Speed difference between Skyfield and PyEphem for comets / minor planets

Bernmeister commented 3 years ago

When computing comets (and minor planets) with Skyfield, the time to do so is astronomically (pardon the pun) greater than that for PyEphem. I understand PyEphem uses a C backend and so will always be faster, but this appears to be orders of magnitude faster. Hoping this is a quick fix and I've made yet another school boy error!

The test script below computes comets and minor planets for each of Skyfield and PyEphem:

#!/usr/bin/env python3

# Download and save 
#     https://www.minorplanetcenter.net/iau/Ephemerides/Comets/Soft00Cmt.txt
#     https://www.minorplanetcenter.net/iau/Ephemerides/Comets/Soft03Cmt.txt
#     https://www.minorplanetcenter.net/iau/Ephemerides/Bright/2018/Soft00Bright.txt
#     https://www.minorplanetcenter.net/iau/Ephemerides/Bright/2018/Soft03Bright.txt

import datetime, ephem, importlib, io, skyfield.api, skyfield.constants, skyfield.data.mpc

def testSkyfield( orbitalElementData, utcNow, latitude, longitude, elevation, isComet ):
    timeScale = skyfield.api.load.timescale( builtin = True )
    t = timeScale.utc( utcNow.year, utcNow.month, utcNow.day, utcNow.hour, utcNow.minute, utcNow.second )
    ephemeris = skyfield.api.load( "de421.bsp" )
    sun = ephemeris[ "sun" ]
    earth = ephemeris[ "earth" ]
    topos = skyfield.api.Topos( latitude_degrees = latitude, longitude_degrees = longitude, elevation_m = elevation )
    alt, az, earthSunDistance = ( earth + topos ).at( t ).observe( sun ).apparent().altaz()

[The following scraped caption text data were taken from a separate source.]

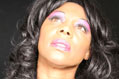 The Divas Cabaret and Wedding Singers - Donna Summer Tribute Act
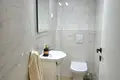 Mieszkanie 3 pokoi 101 m², Czarnogóra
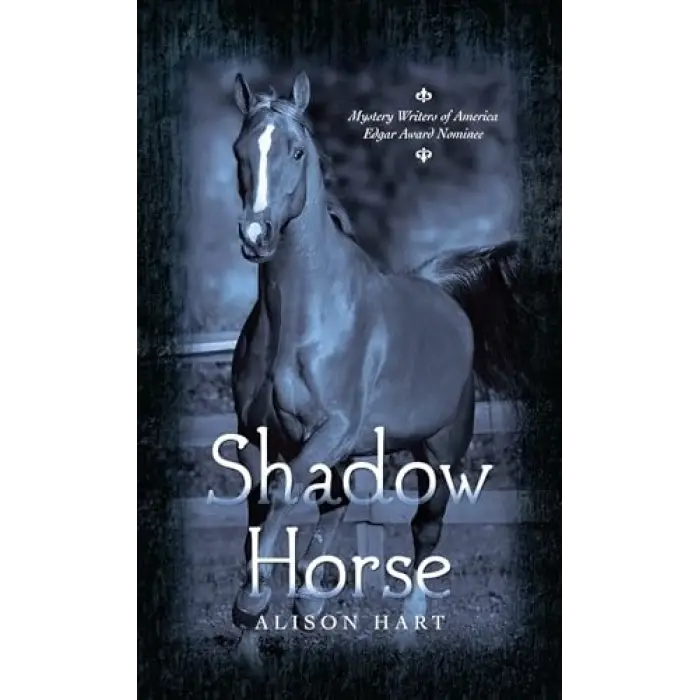 Shadow Horse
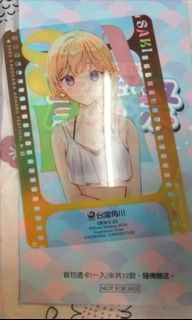 （分類：）位於 。 由 nowaythatskinda 提交（商品編號 1380992755，圖片 1）。簡介： 。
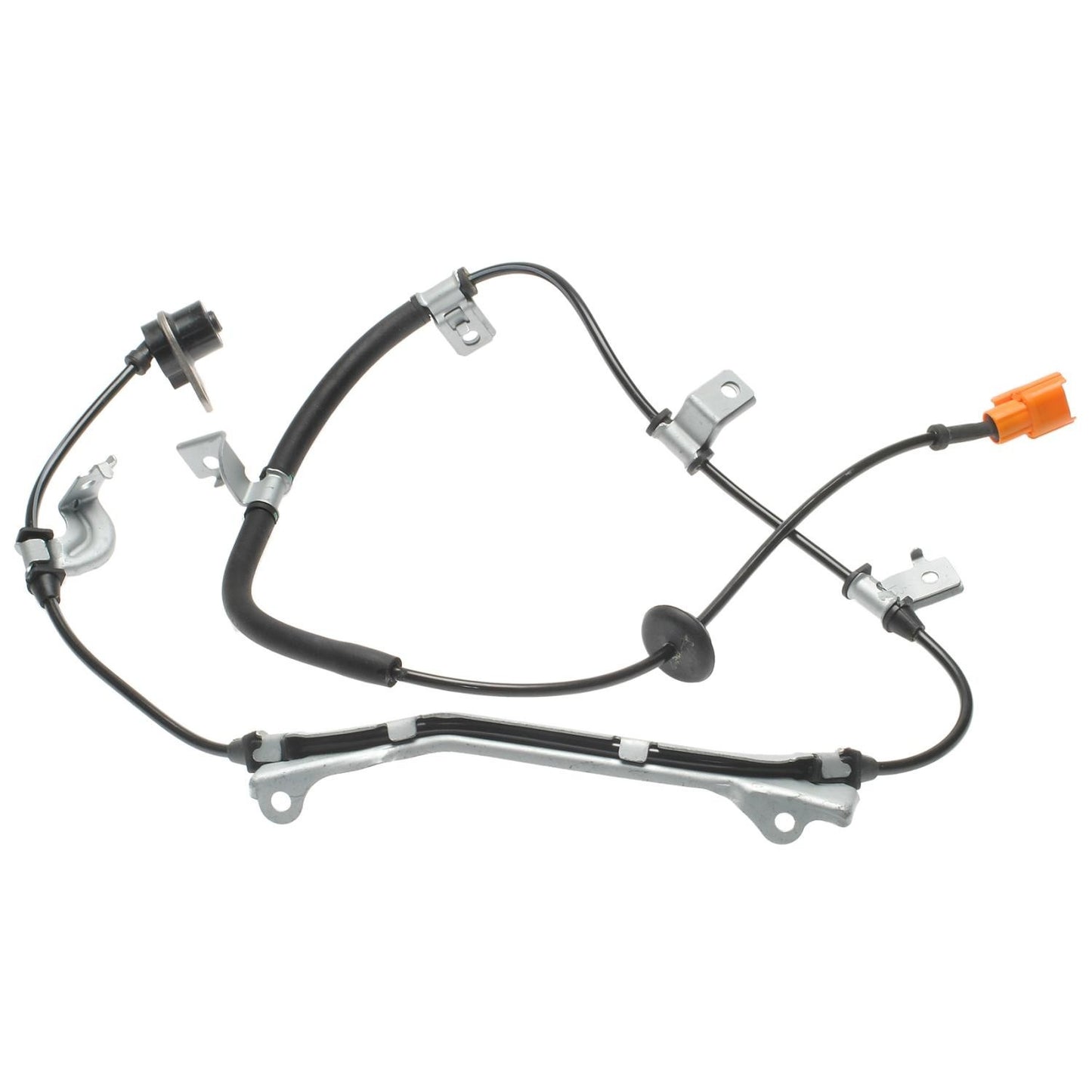 Intermotor ABS Wheel Speed Sensor ALS1570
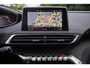 Peugeot 3008 1.6 e-THP GT Line 1e Eigenaar +NAP NL-auto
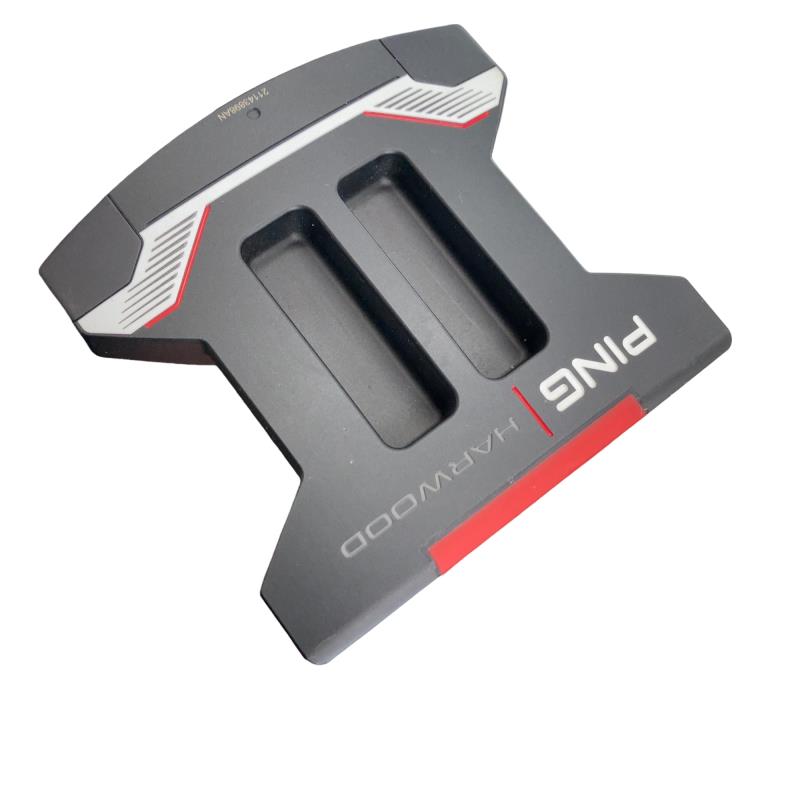 �o�h�m�f�@�g�`�q�v�n�n�c�i�Q�O�Q�P�j�i���������@�\�t���j�i�o�o�T�W�j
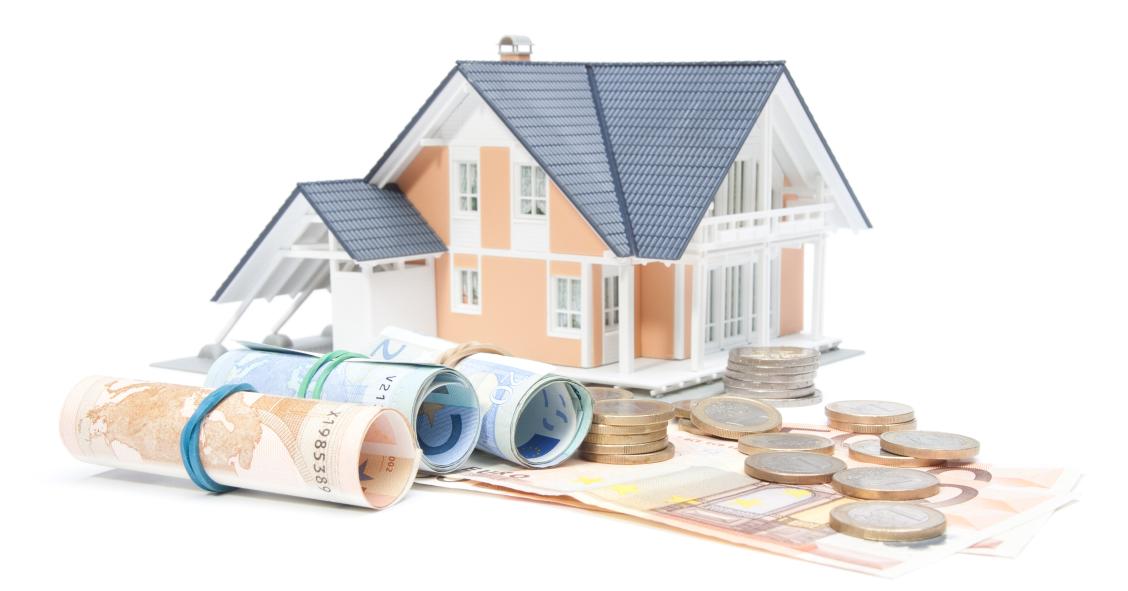 Agevolazioni prima casa abitazione non idonea, lo sconto si allarga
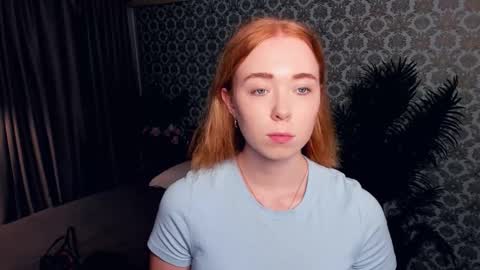 Nelli online show from November 4, 8:54 pm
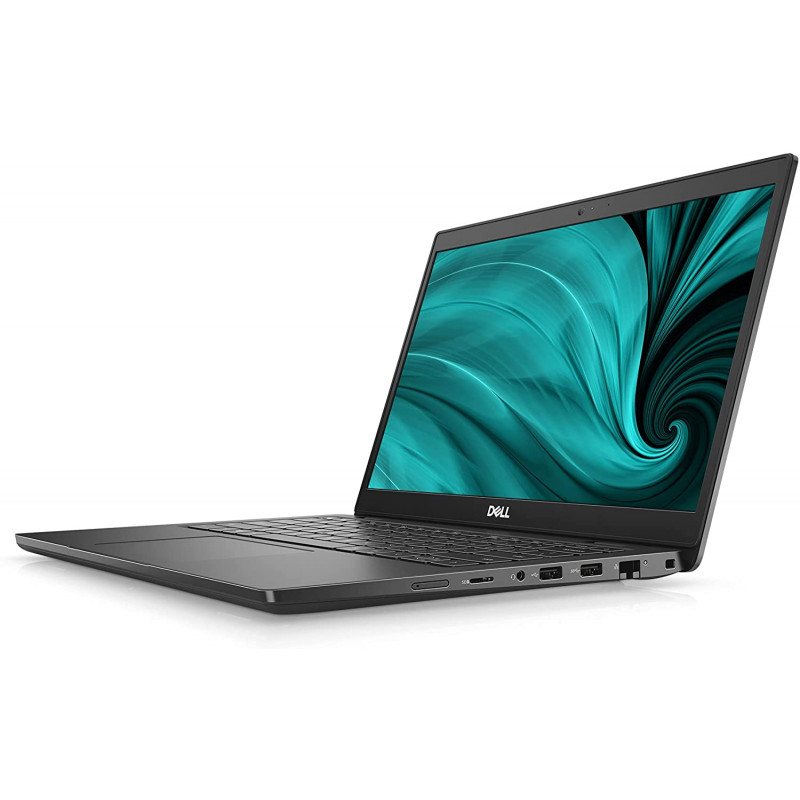 DELL I5 ..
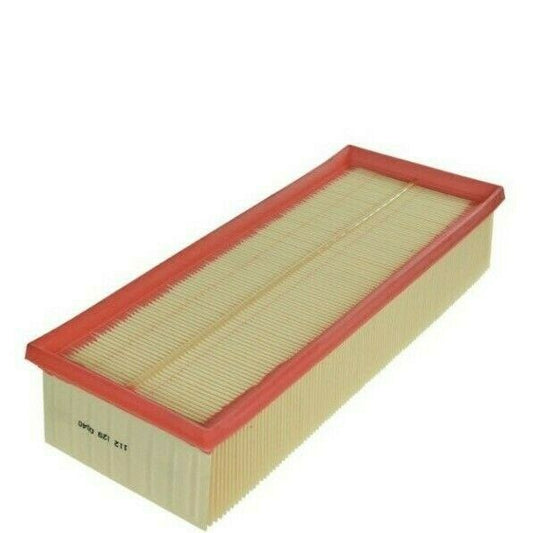 Filter Luftfilter für VW Caddy Passat Golf Touran Audi A3 Q Seat Leon Skoda - Flex-Autoteile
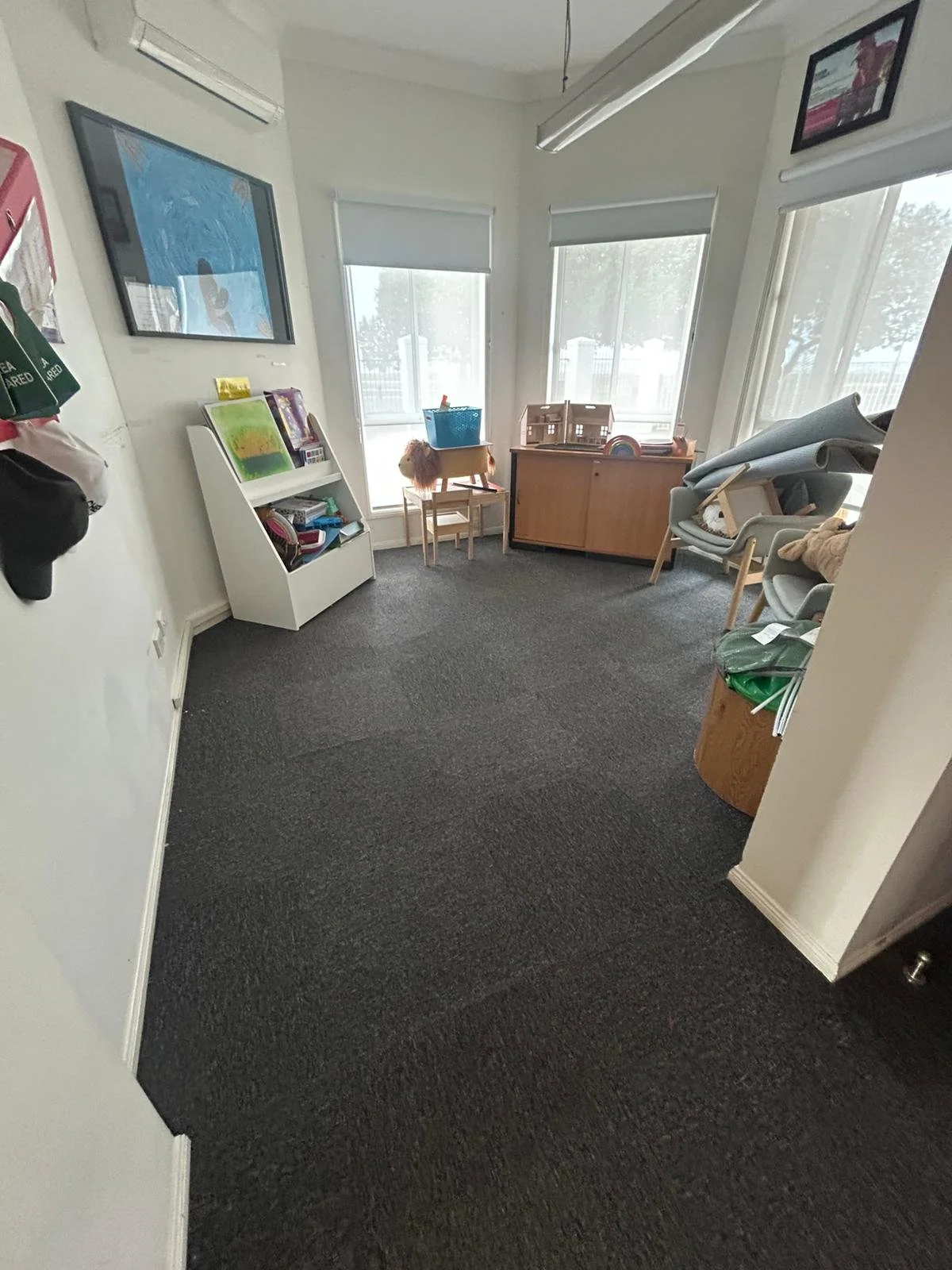 WhatsApp Image 2026-01-20 at 13.55.06 (18).jpeg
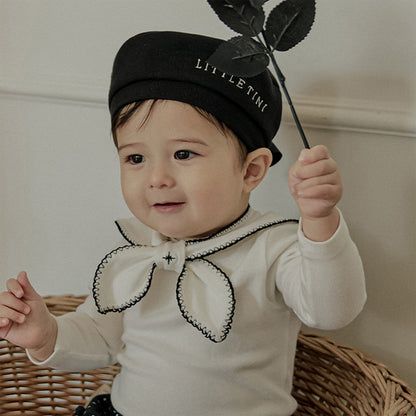 ペルド2wayスカーフ/スタイ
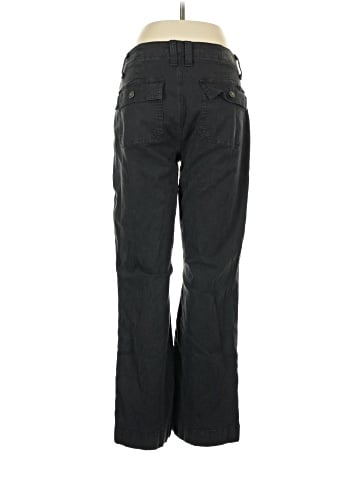 American Eagle Outfitters Casual Pants (view 2)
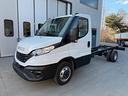 iveco-daily-35c16-nuovo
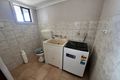 Property photo of 113 McCulloch Street Broken Hill NSW 2880
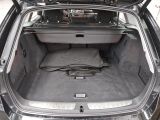 BMW 3er bei Reisemobile.expert - Abbildung (11 / 15)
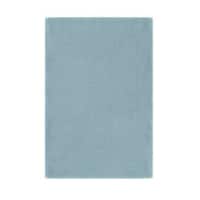 �L�b�`���^�I���@���P�O�O���@���n�@���C�g�u���[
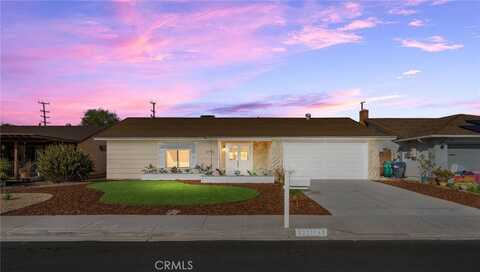 27774 Foxfire Street, Menifee, CA 92586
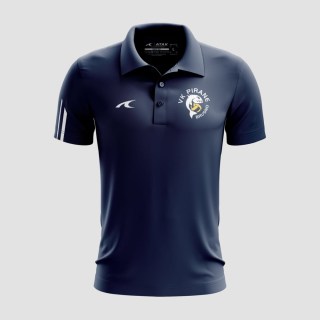 Polokošeľa FAN VK Pirane Brusno 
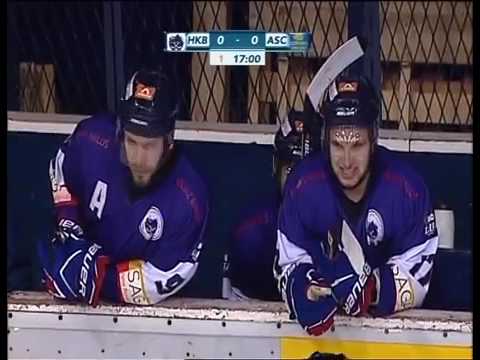 MOL4 HK Beograd   ASC Corona Brasov   1 5 0 2, 1 3, 0 0 2016 09 10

    with io.BytesIO() as f:
        for orbitalElement in orbitalElementData:
            f.write( ( orbitalElement + '\n' ).encode() )

        f.seek( 0 )

        if isComet:
            dataframe = skyfield.data.mpc.load_comets_dataframe( f ).set_index( "designation", drop = False )
            orbitCalculationFunction = "comet_orbit"

        else:
            dataframe = skyfield.data.mpc.load_mpcorb_dataframe( f ).set_index( "designation", drop = False )
            orbitCalculationFunction = "mpcorb_orbit"

            # Remove bad data: https://github.com/skyfielders/python-skyfield/issues/449#issuecomment-694159517
            dataframe = dataframe[ ~dataframe.semimajor_axis_au.isnull() ]

    for name, row in dataframe.iterrows():
        body = sun + getattr( importlib.import_module( "skyfield.data.mpc" ), orbitCalculationFunction )( row, timeScale, skyfield.constants.GM_SUN_Pitjeva_2005_km3_s2 )
        ra, dec, earthBodyDistance = ( earth + topos ).at( t ).observe( body ).radec()
        ra, dec, sunBodyDistance = sun.at( t ).observe( body ).radec()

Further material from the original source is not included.